Corey D. Silverstein, Law Offices of Corey D. Silverstein:
Regardless of your political views and whether you agree or disagree with his opinions, the U.S. and the world lost a brilliant mind today. Justice Scalia’s death was unexpected and will most definitely play a major role into this year’s election battle for the White House. President Obama will surely attempt to appoint a replacement for Justice Scalia prior to his exit as president of the U.S. but with a Republican-controlled Senate, I expect there to be substantial roadblocks placed in the president’s way. Justice Scalia has repeatedly been labeled one of the most conservative justices in the history of the U.S. Supreme Court. Justice Scalia was not short on his words when it came to issues such as supporting the 2nd Amendment (“right to bear arms”) and his displeasure with the Supreme Court’s majority decision to legalize same-same marriage. Justice Scalia also wrote a scathing dissent opinion in the case of Lawrence v. Texas, in which the Supreme Court outlawed penalties for homosexual acts, and I suspect that many who supported same-sex marriage and gay rights are not too upset about Justice Scalia no longer being on the Supreme Court.

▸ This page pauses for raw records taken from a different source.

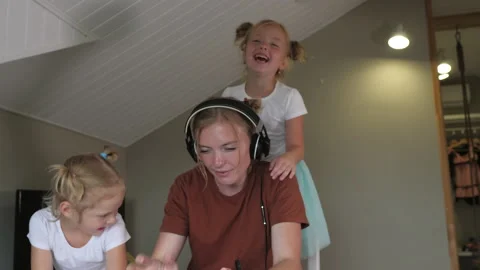 Two naughty daughters prevent her mother from working with her tablet at home Stock-Footage 144703593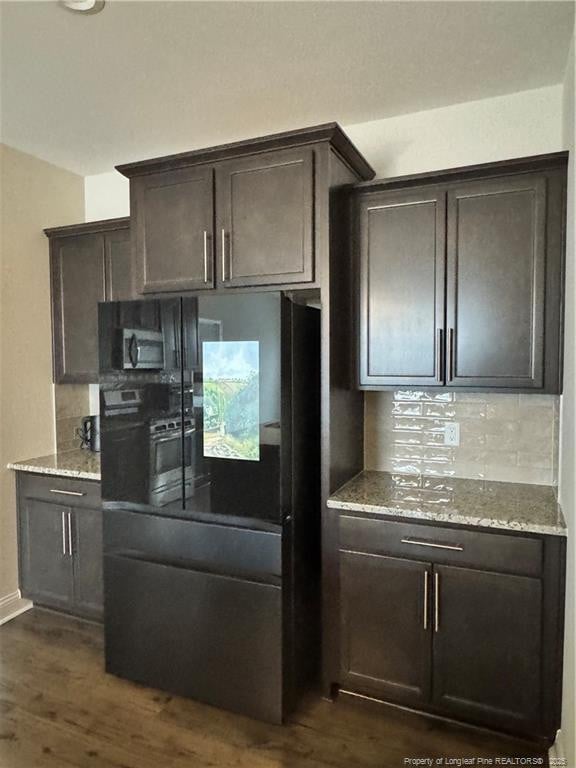 kitchen featuring light stone countertops, tasteful backsplash, dark wood finished floors, and dark brown cabinets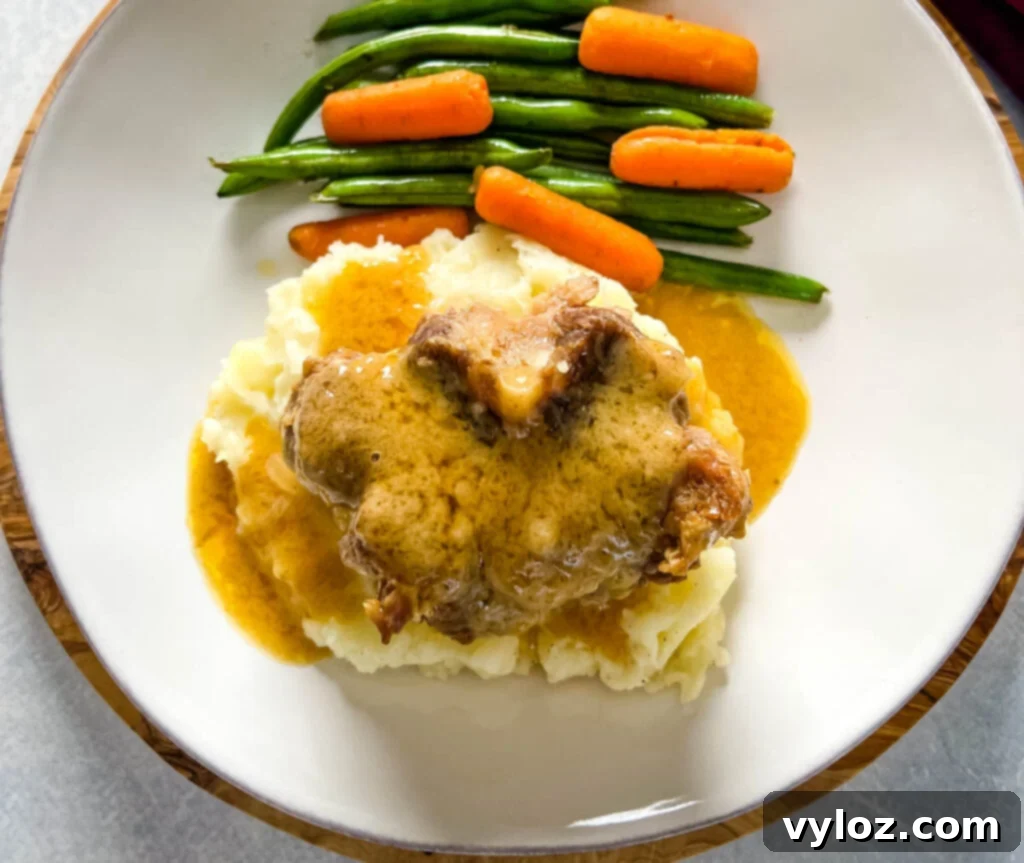 slow cooker crockpot oxtails with mashed potatoes, gravy, green beans, and carrots on a plate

When it comes to the adult entertainment Industry, it is difficult to predict how Justice Scalia’s death will impact the Supreme Court given the fact that it is unknown whether President Obama or the next president of the U.S. will ultimately appoint the next Supreme Court justice. If President Obama gets his way, he would most certainly aim to appoint a more liberal justice that could have a substantial impact on future Supreme Court decisions; however, if a Republican wins the upcoming presidential election, then I suspect that a candidate with similar ideologies to Justice Scalia will be sought. Many in the adult entertainment industry may see Justice Scalia’s death as a positive in terms of future decisions impacting the industry, but I’d urge caution of thinking in that manner because it’s certainly possible of ending up with someone with similar ideologies or perhaps even worse.
Regardless, the world lost a very special mind today and everyone should take a few minutes to read or re-read some of Justice Scalia’s majority and dissenting opinions.

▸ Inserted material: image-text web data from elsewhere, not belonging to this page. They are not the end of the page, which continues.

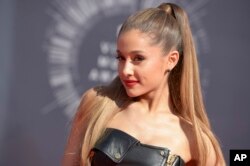 FILE - Ariana Grande arrives at the MTV Video Music Awards at The Forum in Inglewood, California, on Aug. 24, 2014.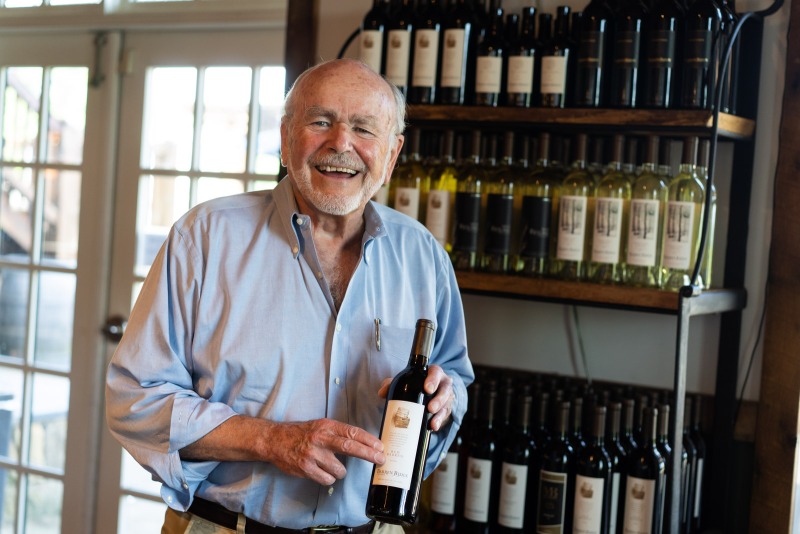 man holding bottle of wine at barren ridge vineyards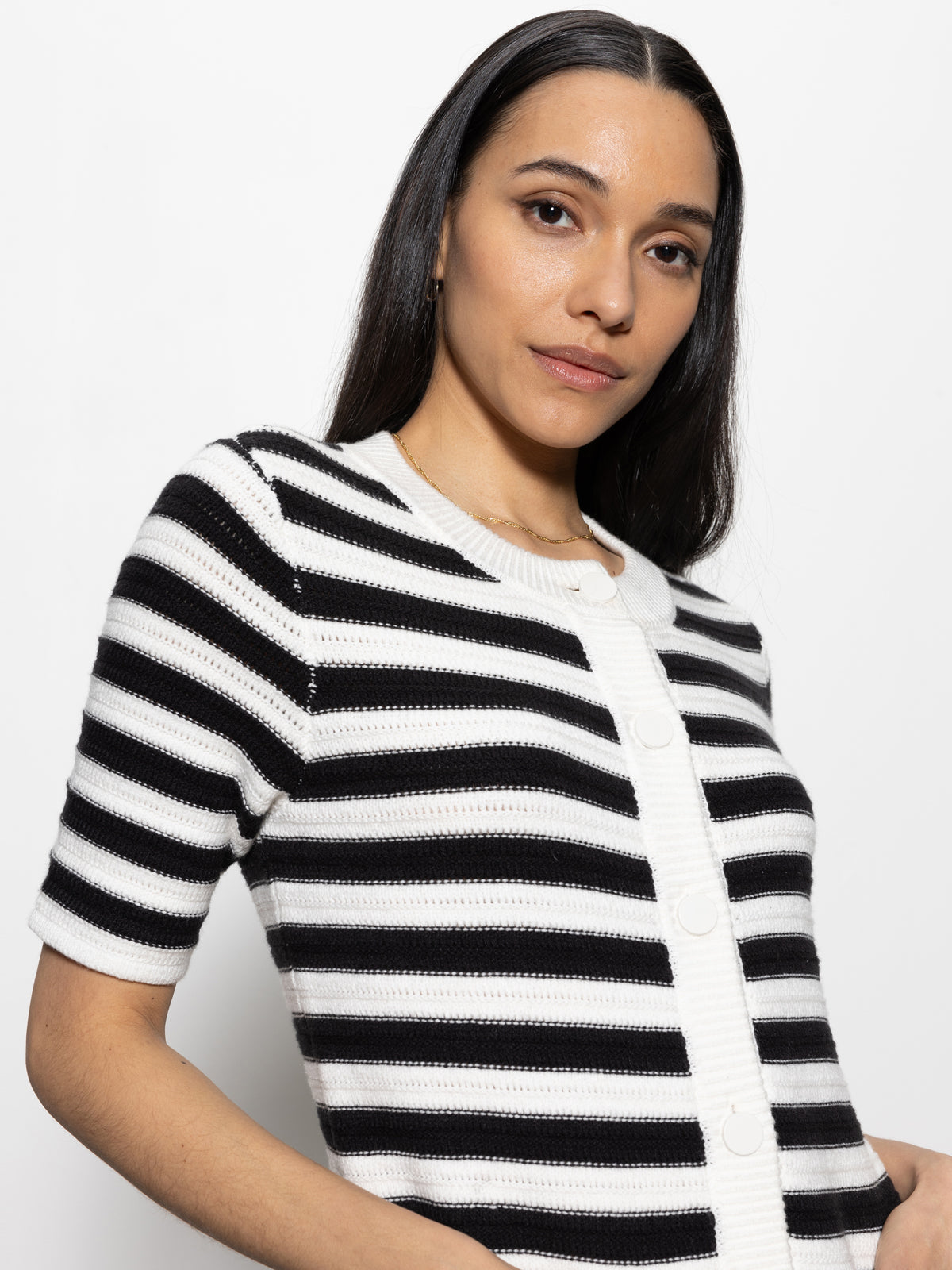 A person with long, dark hair is wearing Sanctuary Clothing's button front knitted dress in chalk and black stripe. They are standing against a plain white background, looking at the camera.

Marc Randazza, Randazza Legal Group:
Scalia was not friendly to the adult industry, and would normally engage in whatever legal contortions he could in order to rule against it. Nevertheless, I think that many of us see him as a one dimensional caricature, and forget that he (like all people) could be a complicated and nuanced individual. Brown v. Entertainment Merchants Ass'n and RAV v. City of St. Paul are two of the most speech protective decisions we have had in recent decades — both authored by him.

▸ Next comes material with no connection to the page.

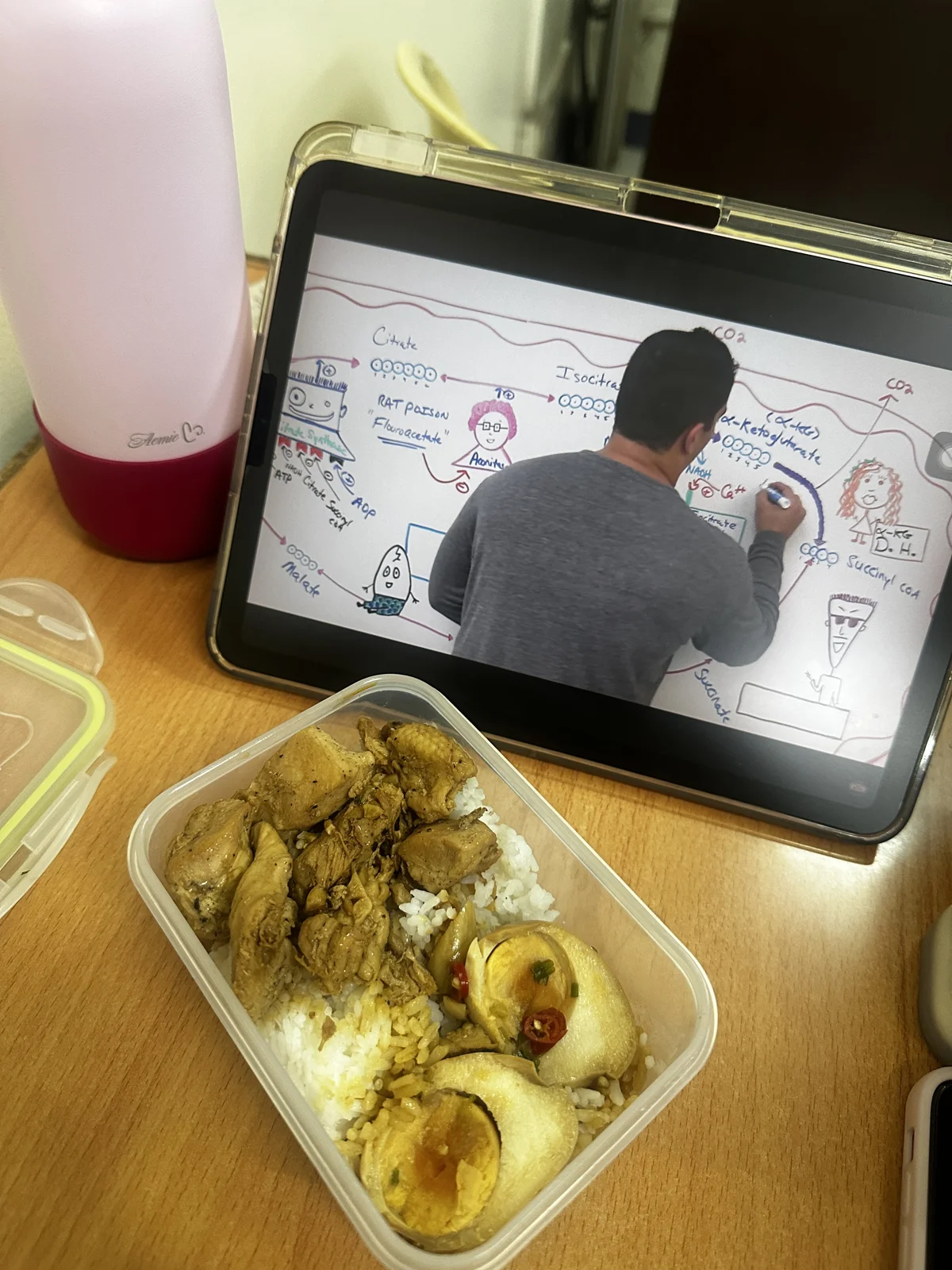 Reviewing my lessons on my tablet while having lunch.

Allan B. Gelbard, The Law Offices of Allan B. Gelbard:
Justice Scalia's passing creates an opening on the court that must be filled by the president and confirmed by the Senate. We are already seeing the usual suspects on the right saying Obama should not be permitted to appoint his replacement. This is why elections are so important. Had the Democrats held the Senate in 2014, this would be a seismic shift. But with the Republican majority in the Senate, we are probably looking at a year of obstruction of Obama 's nominee(s). What could be very interesting is if Clinton or Sanders win, and if the Dems take back the Senate, Obama would make an excellent choice for the open spot.
Karen Tynan, attorney at law:
If Obama is smart, he will nominate a well qualified woman of color. Tee it up for the Republicans to look bad opposing the nomination.